I'm writing a MUD server in Haskell (MUD = Multi User Dungeon: basically, a multi-user text adventure/role-playing game). The game world data/state is represented in about 15 different IntMaps. My monad transformer stack looks like this: ReaderT MudData IO, where the MudData type is a record type containing the IntMaps, each in its own TVar (I'm using STM for concurrency):

data MudData = MudData { _armorTblTVar    :: TVar (IntMap Armor)
                       , _clothingTblTVar :: TVar (IntMap Clothing)
                       , _coinsTblTVar    :: TVar (IntMap Coins)

...and so on. (I'm using lenses, thus the underscores.)

Some functions need certain IntMaps, while other functions need others.
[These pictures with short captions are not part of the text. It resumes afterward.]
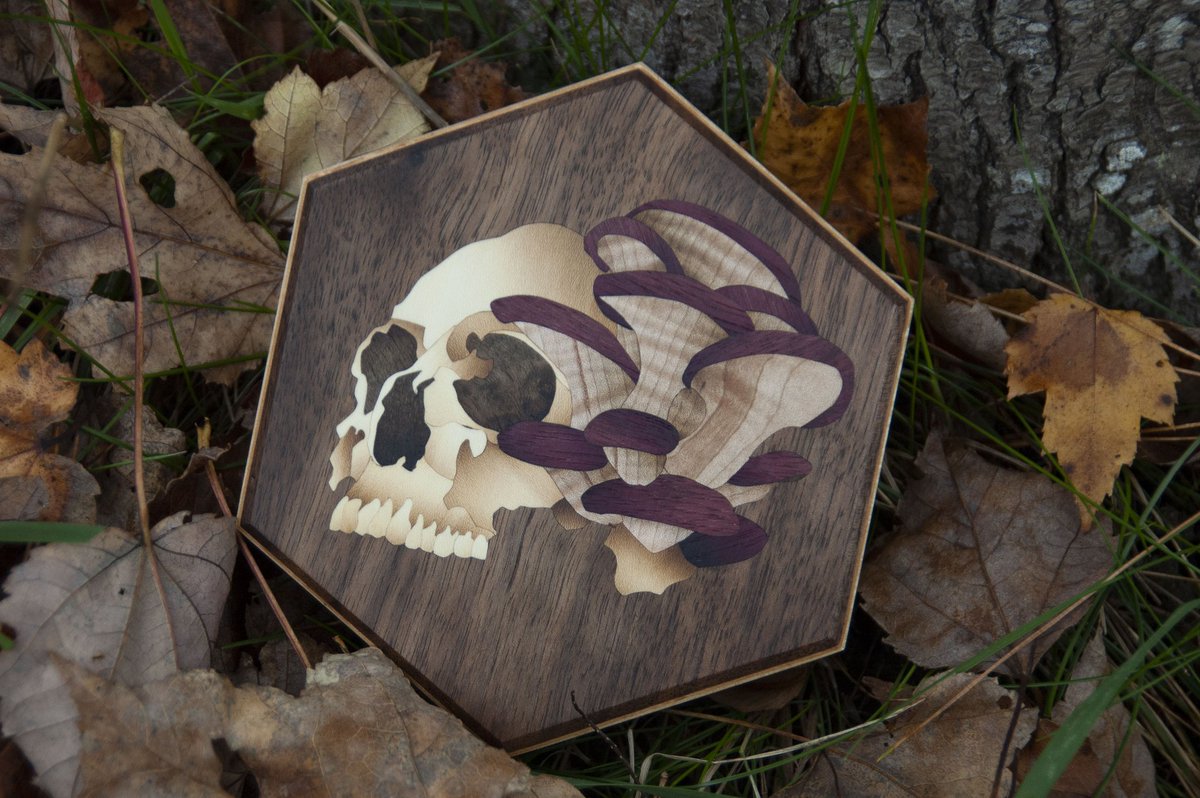 ✨️#GIVEAWAY✨️

Enter for a chance to win this gorgeous fungal skull marquetry dicevault.

Rules for entering:
Follow me
Like + retweet this post
Donate $5 per entry to @nebulous_lalo GoFundMe to help pay the medical bills for her cancer treatment. 
(Link below)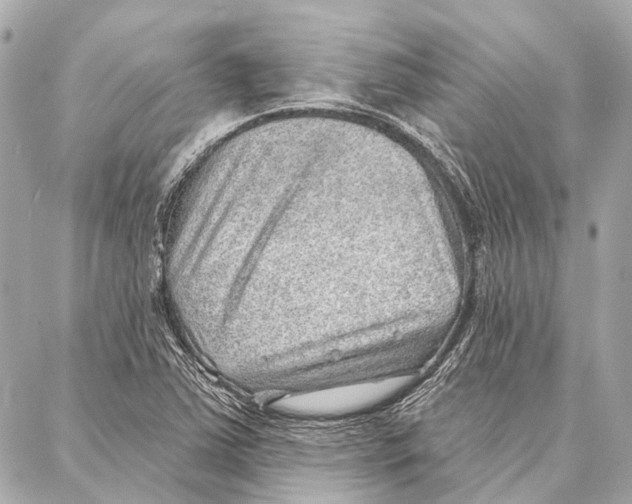 X0000086981363200705141705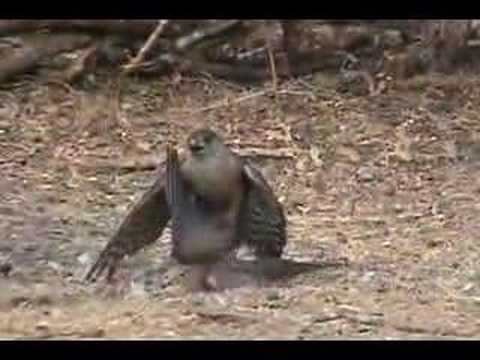 NATURE: Hawk catches a Dove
Thus, having each IntMap in its own TVar provides granularity.

However, a pattern has emerged in my code. In the functions that handle player commands, I need to read (and sometimes later write) to my TVars within the STM monad. Thus these functions end up having an STM helper defined in their where blocks. These STM helpers often have quite a few readTVar operations in them, as most commands need to access a handful of the IntMaps. Furthermore, a function for a given command may call out to a number of pure helper functions that also need some or all of the IntMaps. These pure helper functions thus sometimes end up taking a lot of arguments (sometimes over 10).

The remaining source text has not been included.